Offline reinforcement learning often relies on behavior regularization that enforces policies to remain close to the dataset distribution. However, such approaches fail to distinguish between high-value and low-value actions in their regularization components. We introduce Guided Flow Policy (GFP), which couples a multi-step flow-matching policy with a distilled one-step actor. The actor directs the flow policy through weighted behavior cloning to focus on cloning high-value actions from the dataset rather than indiscriminately imitating all state-action pairs. In turn, the flow policy constrains the actor to remain aligned with the dataset's best transitions while maximizing the critic. This mutual guidance enables GFP to achieve state-of-the-art performance across 144 state and pixel-based tasks from the OGBench, Minari, and D4RL benchmarks, with substantial gains on suboptimal datasets and challenging tasks.

Offline Reinforcement Learning

List of offline RL approaches

Overview of GFP

GFP Overview
GFP consists of three main components: (i) in yellow, VaBC, a multi-step flow policy trained via weighted BC using the guidance term, (ii) in green, a one-step actor distilled from the flow policy, and (iii) in gray, a critic guiding action evaluation. VaBC regularizes the actor toward high-value actions from the dataset; in turn, the actor shapes the flow and optimizes the critic following the actor-critic approach. The different components of the figure are introduced in the paper. Each drawing represents the probability distribution of actions of a policy, in a current state s, except for the gray ones, where it is the value of actions in state s, according to the critic.

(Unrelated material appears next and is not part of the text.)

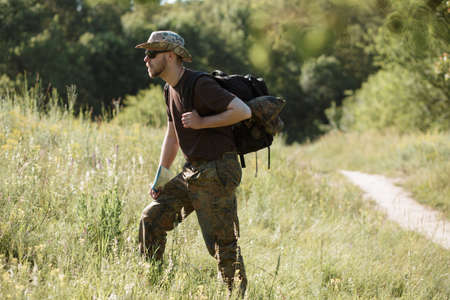 Male tourist walking alone outdoorの写真素材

Experiments across 144 tasks

Performance profiles comparing GFP and prior works
(a) Performance profiles for 50 tasks comparing GFP against a wide range of prior works, showing the fraction of tasks where each algorithm achieves a score above threshold tau. (b) Performance profiles on 105 tasks, including more challenging ones, and carefully reevaluated prior methods. (c) Performance profiles restricted to 30 noisy and explore tasks.